Object statement
Framed photographs (4), newspaper clippings (3), a mounted photograph and a photograph album, relating to Mme Juliette Henry, albumen / paper / wood / glass / ink / pencil, photographer unknown, Sydney, New South Wales, Australia, 1867-1920
Lucien Felix Henry was born in 1850 in Provence, in the south of France. He arrived in Paris to study art in 1867 and was accepted into Gerome's studio at the Ecoles des Beaux Arts. His studies were disrupted by the Franco-Prussian War and the siege of Paris. He played a leading role in the popular movement to defend the Paris Commune in 1871 as Chef de la Legion, responsible for the defence of the 14th arrondissement. After their defeat Henry, with some 4000 other Communards, was incarcerated in the French penal colony of New Caledonia for seven years. In 1879 the Communards were amnestied and Henry arrived in Sydney.
This coincided with the International Exhibition held in Sydney, which ushered in a decade of prosperous growth within the colony. Henry successfully argued for state involvement in art education and by the end of the decade he had become a widely respected teacher and artist at Sydney Technical College. His Parisian art education had encouraged interdisciplinary work between the arts & industry which he sought to foster locally. His major project was to be a book entitled 'Australian Decorative Arts' for which he made some one hundred watercolour designs between 1889-91. He returned to Paris to seek a publisher although the accompanying text remained largely unwritten. Unfortunately the severe economic depression of the 1890s made publication of such a lavish work impossible. Henry died in France in 1896.
Few of Henry's oil paintings survive. 'La Baie du Mirroir, New Caledonia' is the only known painting to represent his experience of seven years incarceration as a political prisoner. He painted it soon after he arrived in Australia in 1879. It was first shown at the Garden Palace when the Sydney International Exhibition was in its final month, in December 1880.
The painting appears to have been used as an exercise in teaching. Its composition reflects the legacy of Henry's Parisian training in mid nineteenth century neo-classical landscape painting. The work does not depict a specific place in New Caledonia but is a more generalised memory of the Pacific island landscape and the Kanak people. Members of a Kanak family gaze to the sea, contemplating their world at sunset - a melancholic metaphor for their imminent colonisation. The depiction of indigenous people was a popular theme for colonial landscapes, offering an exotic flavour for metropolitan viewers.
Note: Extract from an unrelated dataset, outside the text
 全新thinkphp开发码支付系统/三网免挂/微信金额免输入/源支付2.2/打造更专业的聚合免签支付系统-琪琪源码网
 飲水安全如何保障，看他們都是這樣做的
In 1911 the museum acquired Lucien Henry's unpublished book illustrations, a series of elegant and fanciful watercolour designs. His time in New Caledonia was crucial to these works, with several illustrations showing references to the South Pacific. The museum also has objects in its collection attributed to Henry, most notably a water bottle elaborately carved from a coconut shell depicting the heads of four Kanak clan leaders, one identifiable as Atai.
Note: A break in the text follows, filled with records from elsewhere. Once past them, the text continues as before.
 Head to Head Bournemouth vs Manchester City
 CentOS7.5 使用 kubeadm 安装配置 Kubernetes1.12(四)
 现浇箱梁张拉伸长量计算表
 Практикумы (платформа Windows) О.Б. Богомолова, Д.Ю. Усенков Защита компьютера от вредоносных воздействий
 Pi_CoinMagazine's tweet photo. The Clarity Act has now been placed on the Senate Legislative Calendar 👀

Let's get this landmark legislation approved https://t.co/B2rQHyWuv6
Henry was important as an artist and teacher in shaping visual arts ideas in Sydney in the 1880s and 1890s. His utopian vision of an Australasian 'civilisation' in the Pacific was conceived while the federation of the Australian colonies was being planned. His public stand on many issues and his strong desire to see the development of an 'Australian style' coincided with the movement towards federation.
Ann Stephen, 2002
Donor acquired various Henry family effects from Mme Henry's descendents in New South Wales in the 1970s when he purchased several of Lucien Henry's paintings.